A partir de entonces Catini y Melchiori iniciaron una relación comercial y de amistad que duró unos 10 años. "Tengo recuerdos muy lindos. Una vez hicimos a Valley, en 36 días, 34.000 kilos de fruta desecada. Con eso compramos la azufradora. Durante los años que le trabajamos a Valley alcanzamos nuestra máxima producción. Ellos nos proveían de fruta e insumos. Nosotros desecábamos, clasificábamos, lavábamos y empacábamos en cajas de 10 kilos. Ellos mandaban todos los días sus técnicos a controlar".
Por ese tiempo Catini sumó al predio un pequeño galpón de empaque. Lo trabajaba con su cuñado Bonforte. Vendían en el mercado interno. Entonces la empresa tenía 75 empleados y manejaba 7.000 paseras para desecar.
"En un momento -relata Dino- acopiábamos fruta que los chacareros secaban y nosotros embalábamos y vendíamos. En los mejores tiempos llegamos a vender cerca de 70.000 kilos de fruta desecada".
La firma abastecía a todo el sur argentino con sus productos. "Venía gente a comprarnos a Stefenelli porque habíamos tomado cierto renombre con 'Las Delicias de Río Negro', como mi padre bautizó a nuestra empresa".

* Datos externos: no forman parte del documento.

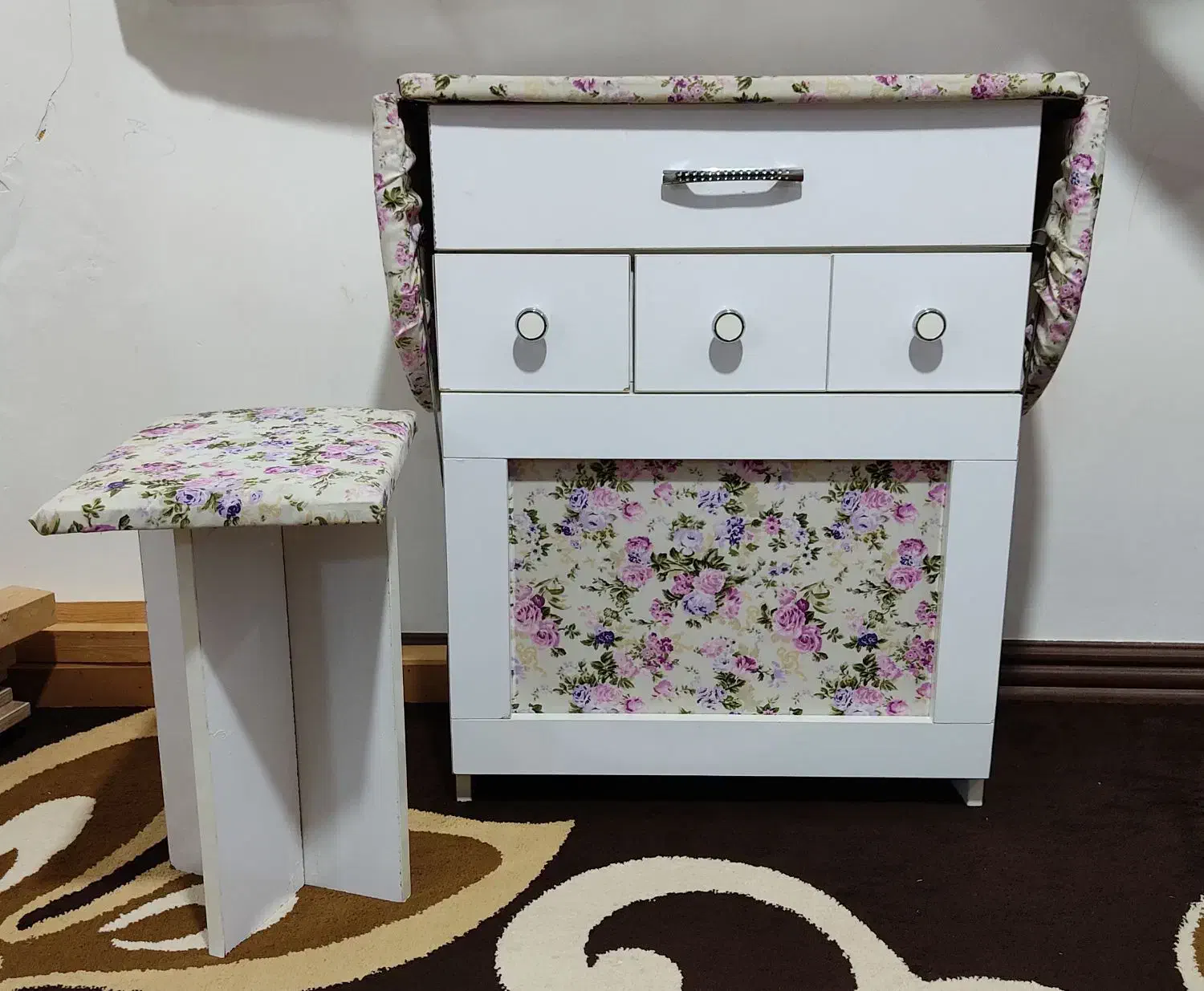 میز اتو|اتو و لوازم اتو|گنبد کاووس, |دیوار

La firma atravesó todas y cada una de las crisis de la Argentina, sobre todo aquellas que afectaron a la pequeña y mediana industria. "Durante casi setenta años desecamos fruta, hasta el año pasado. Este año ya no. La década del '90 me liquidó. El apogeo fue hasta el '87, después empezó a declinar. Como la cosa estaba floja, aposté a modernizar el secadero y pedí un crédito. Me fundí. Firmé y eso me llevó a la ruina. ¿Sabés cuánto tiempo me sentí culpable por eso? Le preguntaba a Dios por qué no me había dado una parálisis en la mano para que yo no firmara. He llorado muchísimo. Me preguntaron si quería entrar en convocatoria de acreedores y yo dije que no. Mi padre me enseñó que hay que honrar las deudas; él hubiese hecho lo mismo y es lo que estoy haciendo. Con mi papá siempre nos manejamos con créditos. Fijate que él tenía la cuenta número 11 del Banco Nación de Roca: fuimos la típica empresita que pudo crecer por los créditos.

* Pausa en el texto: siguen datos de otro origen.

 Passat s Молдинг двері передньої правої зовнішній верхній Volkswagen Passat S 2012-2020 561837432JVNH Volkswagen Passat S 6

"Pero la década del '90 fue tremenda. Alcancé a pagarle al personal y no pude pagarles a los bancos. Todavía estoy pagando y le pido a Jesús que me dé vida para terminar con mis deudas para irme en paz. Gracias a Dios y con la ayuda de los hijos y de un amigo que está colaborando estamos saliendo. Fue terrible, además fue el tiempo en que mi mujer se enfermó... de modo que tuve que procesar esas pérdidas terribles para mí.
"Ahora tengo 78 años. Después de que me faltó mi mujer, me faltó todo. Mi esposa falleció hace 6 años, 6 meses y 14 días. En el 2002. Me casé en 1958; en setiembre habríamos cumplido 50 años de casados. Mi señora se ocupaba de los cuatro hijos: María Beatriz, Dino Eduardo, Alejandra y Pablo, pero nunca me descuidó: venía por las tardes con su delantal a verme. Siempre estuvo, fue mi gran compañera. Cuando los chicos crecieron, abrió su negocio (El Rocío)... ¡lo hizo con tanto amor! Ella fue un regalo de la vida. Tuve la fortuna de conocerla. Fuimos felices y, sobre todo, amábamos lo que hacíamos. Por eso, pese a todo, tengo que ser un hombre agradecido".